Each record that follows should be repeated exactly, minus any images.

━━━ Recorded data

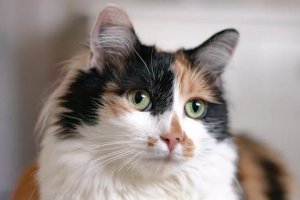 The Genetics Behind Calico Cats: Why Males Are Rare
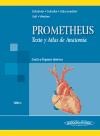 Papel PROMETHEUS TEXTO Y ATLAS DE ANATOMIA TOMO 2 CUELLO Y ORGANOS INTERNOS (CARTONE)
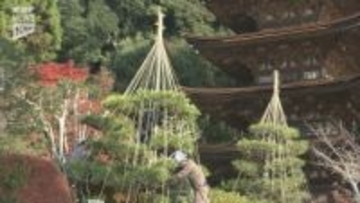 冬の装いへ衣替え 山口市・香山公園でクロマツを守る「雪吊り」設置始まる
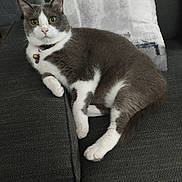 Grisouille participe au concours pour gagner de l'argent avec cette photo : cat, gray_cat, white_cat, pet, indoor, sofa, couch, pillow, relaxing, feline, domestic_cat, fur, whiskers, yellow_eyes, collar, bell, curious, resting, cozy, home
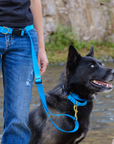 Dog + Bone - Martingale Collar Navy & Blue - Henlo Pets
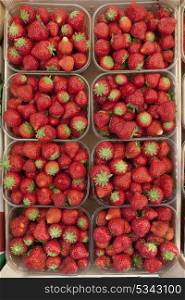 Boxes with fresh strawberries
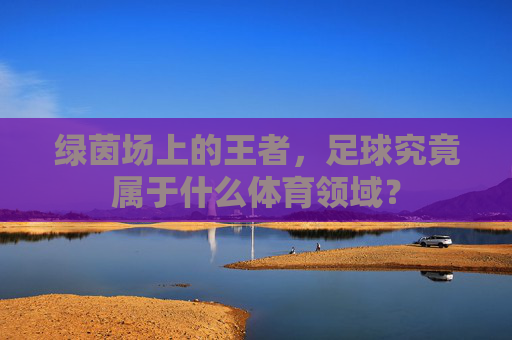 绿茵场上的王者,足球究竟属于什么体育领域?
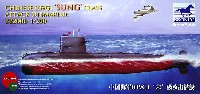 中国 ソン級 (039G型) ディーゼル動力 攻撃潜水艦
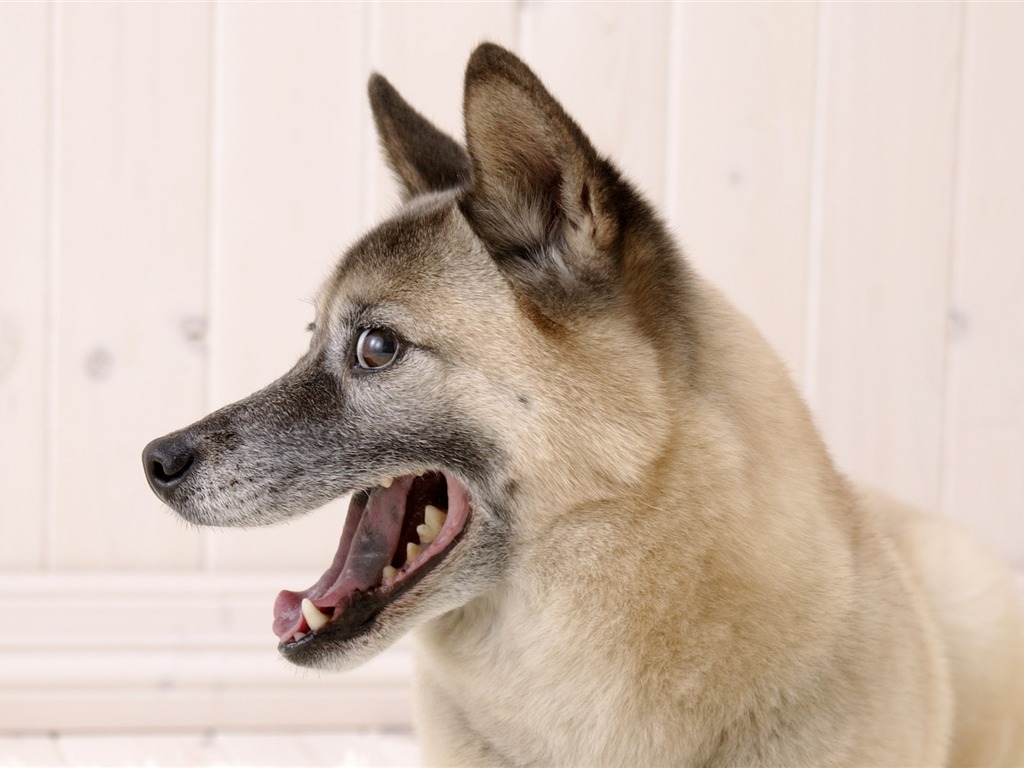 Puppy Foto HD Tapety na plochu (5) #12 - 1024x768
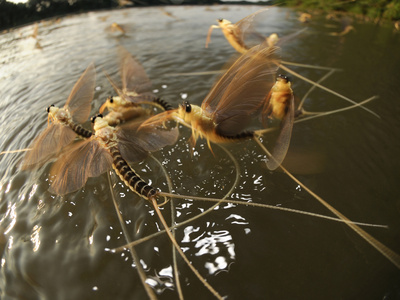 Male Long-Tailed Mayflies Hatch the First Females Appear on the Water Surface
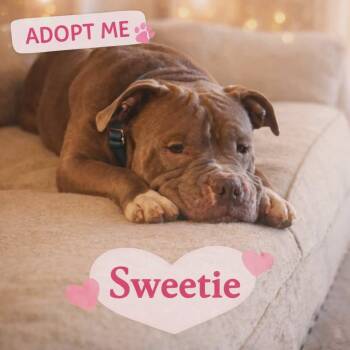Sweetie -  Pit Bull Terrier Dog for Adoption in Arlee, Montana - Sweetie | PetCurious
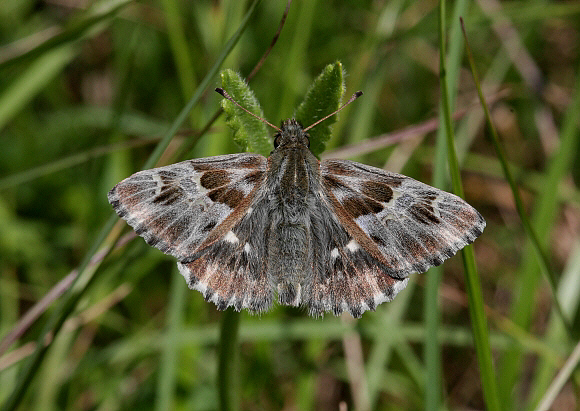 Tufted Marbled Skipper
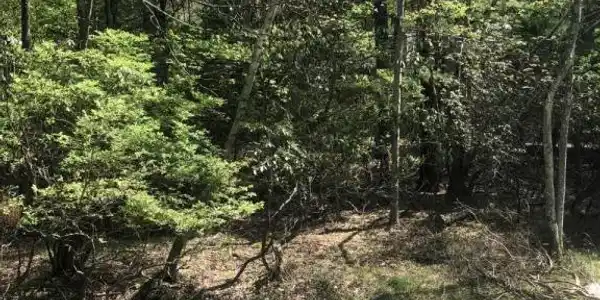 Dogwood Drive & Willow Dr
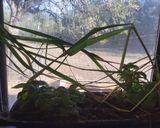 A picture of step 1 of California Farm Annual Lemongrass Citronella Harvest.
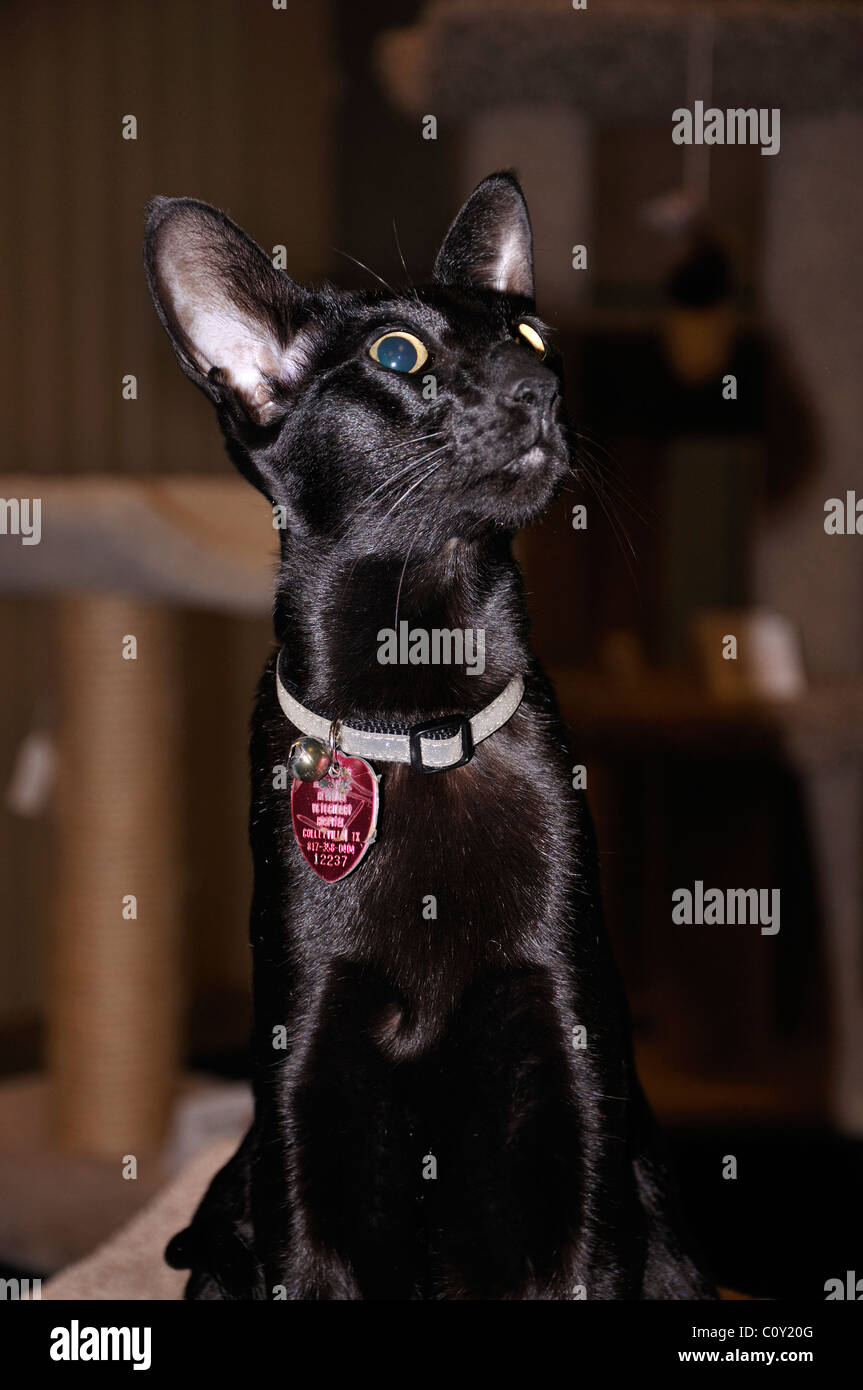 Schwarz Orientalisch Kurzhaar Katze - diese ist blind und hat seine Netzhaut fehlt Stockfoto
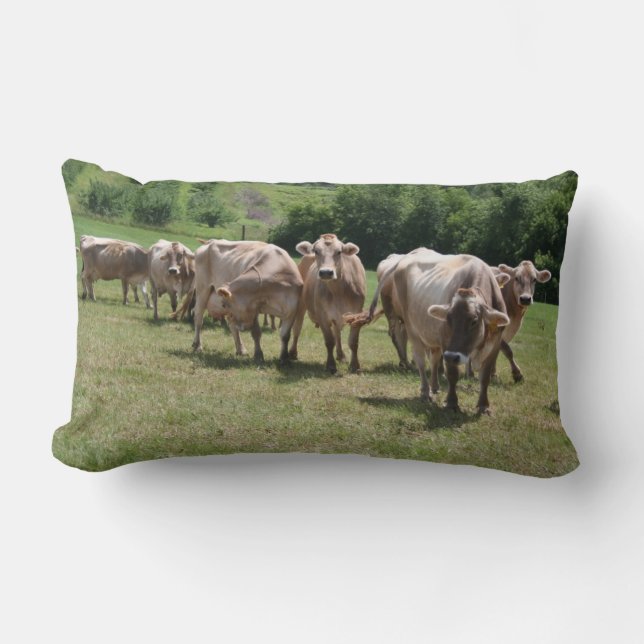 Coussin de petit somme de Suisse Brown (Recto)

━━━━━━

▸ **Exercise output**:
 The Genetics Behind Calico Cats: Why Males Are Rare
 Papel PROMETHEUS TEXTO Y ATLAS DE ANATOMIA TOMO 2 CUELLO Y ORGANOS INTERNOS (CARTONE)
 冬の装いへ衣替え 山口市・香山公園でクロマツを守る「雪吊り」設置始まる
 Grisouille participe au concours pour gagner de l'argent avec cette photo : cat, gray_cat, white_cat, pet, indoor, sofa, couch, pillow, relaxing, feline, domestic_cat, fur, whiskers, yellow_eyes, collar, bell, curious, resting, cozy, home
 Dog + Bone - Martingale Collar Navy & Blue - Henlo Pets
 Boxes with fresh strawberries
 绿茵场上的王者,足球究竟属于什么体育领域?
 中国 ソン級 (039G型) ディーゼル動力 攻撃潜水艦
 Puppy Foto HD Tapety na plochu (5) #12 - 1024x768
 Male Long-Tailed Mayflies Hatch the First Females Appear on the Water Surface
Sweetie -  Pit Bull Terrier Dog for Adoption in Arlee, Montana - Sweetie | PetCurious
 Tufted Marbled Skipper
 Dogwood Drive & Willow Dr
 A picture of step 1 of California Farm Annual Lemongrass Citronella Harvest.
 Schwarz Orientalisch Kurzhaar Katze - diese ist blind und hat seine Netzhaut fehlt Stockfoto
 Coussin de petit somme de Suisse Brown (Recto)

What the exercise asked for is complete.